Leaving for a weekend getaway is fun and relaxing, especially with my parents (the “in-laws” for B.) They are really fun to hang out with, always ready for the next thing whether it is an exhibition or a hike. I am really happy that they adore B. and we all get along watching rugby (go France) or playing cards. I am not saying it is always rosy but when the logistics of packing for a trip and unpacking when we are back are easier when everybody gets along. I had to work last evening so I left the house in the hands of mom…unpacking the goods and knickknacks bought along the way, separating the laundry, taking care of my poor husband suffering from a terrible lumbago, etc… When I got home there was a post it on the counter top next to a plate of overripe bananas, “we are at the dock, catching shrimp for dinner. These bananas need to be used. We want dessert!” Now, this is a command I am most happy to execute! Especially if they took the time to fish dinner and all I have to do is fix the salad…There is nothing that screams more vacation to me than having boiled shrimp and salad for dinner. You can make a mess right there on the table and get silly on cocktail sauce and beer.

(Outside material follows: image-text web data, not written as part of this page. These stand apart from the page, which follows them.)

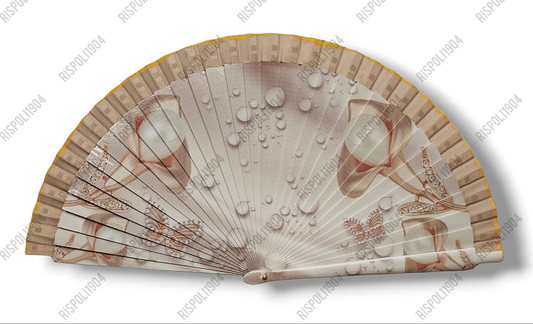 Ventaglio in legno stampa digitale tema gioielli. Apertura 42 cm. #6020-3 - Merceria Rispoli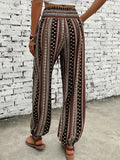 Purpdrank [Tribal Print Jogger Pants] Tribal Print Jogger Button Decor Pants, Boho High Waist Loose Pants For Spring & Summer, Women's Clothing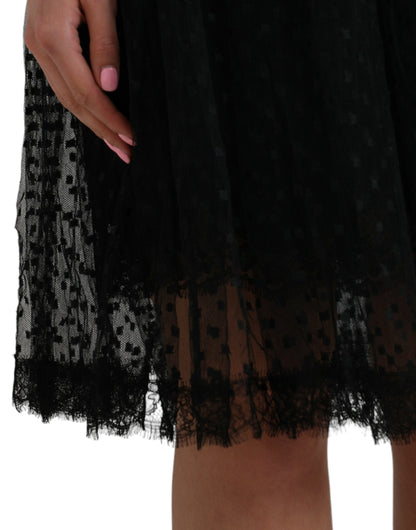 Falda de talle alto con adornos de encaje y línea A de nailon negro de Dolce & Gabbana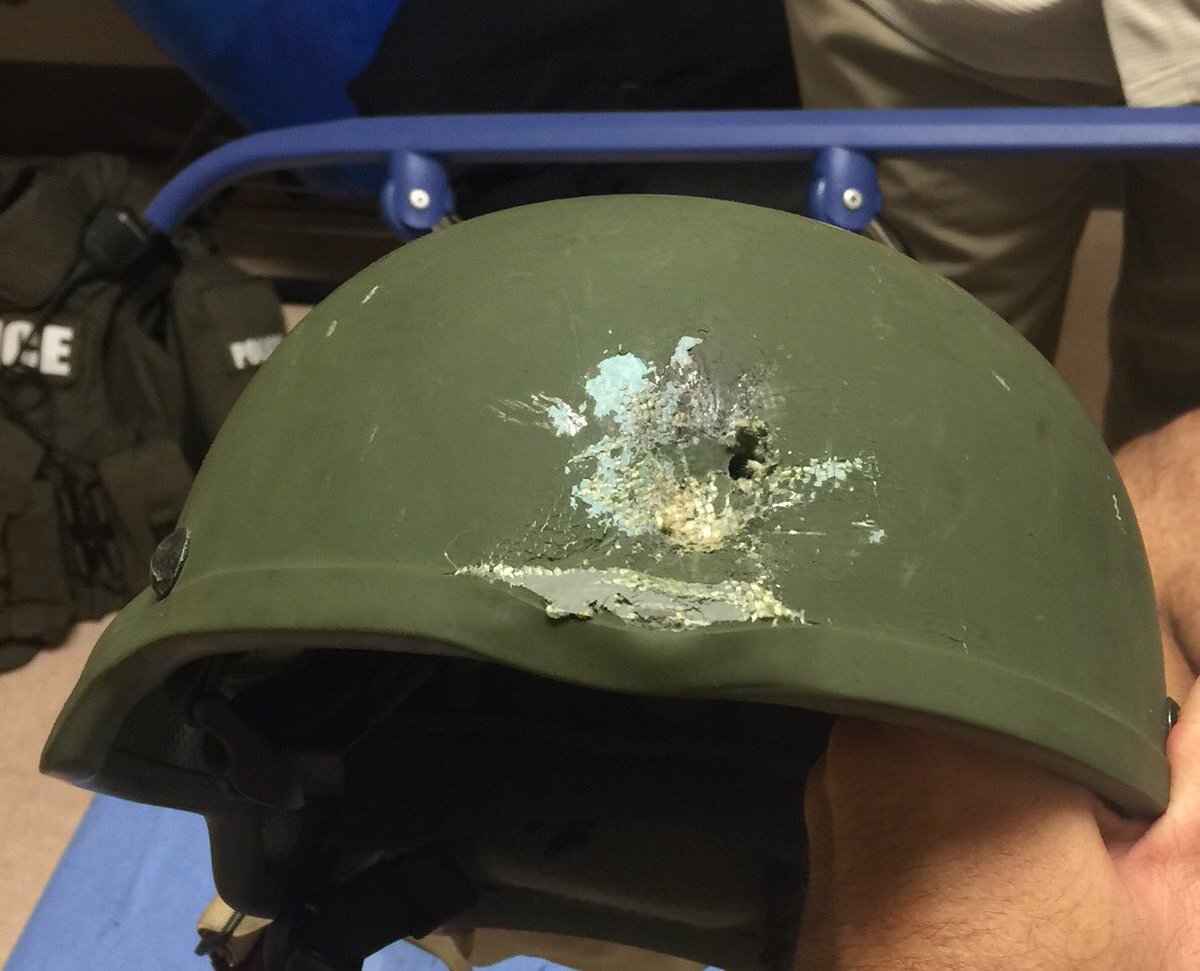 Kevlar helmet of an police officer who was hit in the Orlando shooting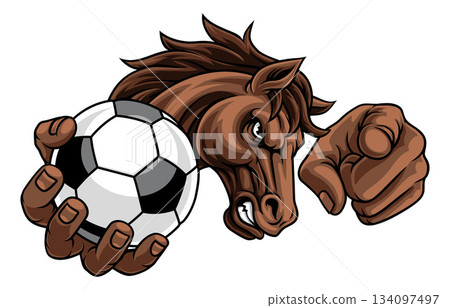 Horse Mustang Soccer Football Sports Team Mascot Horse Mustang Soccer Football Sports Team Mascot 134097497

Back to the bananas…Right before my parents got in town, I had started to prepare a tart dough for one of my husband’s favorite pies but never got around to use it much less go beyond that part of the prep work. Hopefully I’ll get around it soon but in the meantime I had a whole delicious chocolate dough parked in the fridge about to give me a hissing fit if it did not get used (remember that my ingredients speak to me). Not wanting to make a dozen little tarts (too easy to eat!), I divided the dough in half and froze the rest for later use. Coming back home is always nice but the bananas had a most definite sad look about them. Not it was not cake or crumble, but tarts this time, how surprising eh?! The mascarpone filling is pretty straightforward. I used it a lot in catering and can't tell you where I got it from, we all seem to have passed it down to one another over the years at the restaurant. You can use cream cheese if you prefer, but I like the smooth texture and sharper taste of mascarpone, especially with a touch of almond extract. Perfect balance to chocolate and bananas, and perfect bite size dessert after a big crab and shrimp boil!
Mascarpone and Banana Tartlets
Makes 6 3-inch tartlets
Chocolate Crust (inspired from Chocolate Passion, by Tish Boyle and Tim Moriarty)
1 1/4 cups all purpose flour
1/4 cup cocoa powder
4 egg yolks
1/4 cup granulated sugar
1/4 cup packed light brown sugar
1 tsp. vanilla extract
1 stick butter, softened, cut into small pieces
Sift flour with cocoa powder and make a well in the center. Add the egg yolks, sugars and vanilla to the well. Combine with your hands or a mixer and add the butter pieces. Knead with your hands 2-3 minutes or until the dough comes together. Divide in 2 and wrap in plastic. Note that you only need one half for the recipe. Refrigerate at least 20 minutes prior to using.
When ready to use, roll the dough in between sheets of plastic wrap or parchment paper. Cut out 4 inch circles with a cookie cutter or other template. Fit into the 3 inch tartlets or other desired molds. Prick with a fork and blind bake for 10 minutes at 350F
Let cool completely before feeling them with the mascarpone cream.
Mascarpone Banana Filling:
1 cup mascarpone cheese, at room temperature
1/4 cup to 1/2 cup sugar (depending on your taste)
1 tsp. pure almond extract
zest of 1/2 lemon
2 tsp lemon juice
2 bananas, thinly sliced
In a large mixing bowl, combine the mascarpone, sugar and egg. Whisk until well blended. Add the lemon juice, zest and almond extract.
Divide evenly among the tart shells. Arrange the bananas slices over, pushing them in the cream a little. Bake at 350 for 10-15 minutes or until golden brown.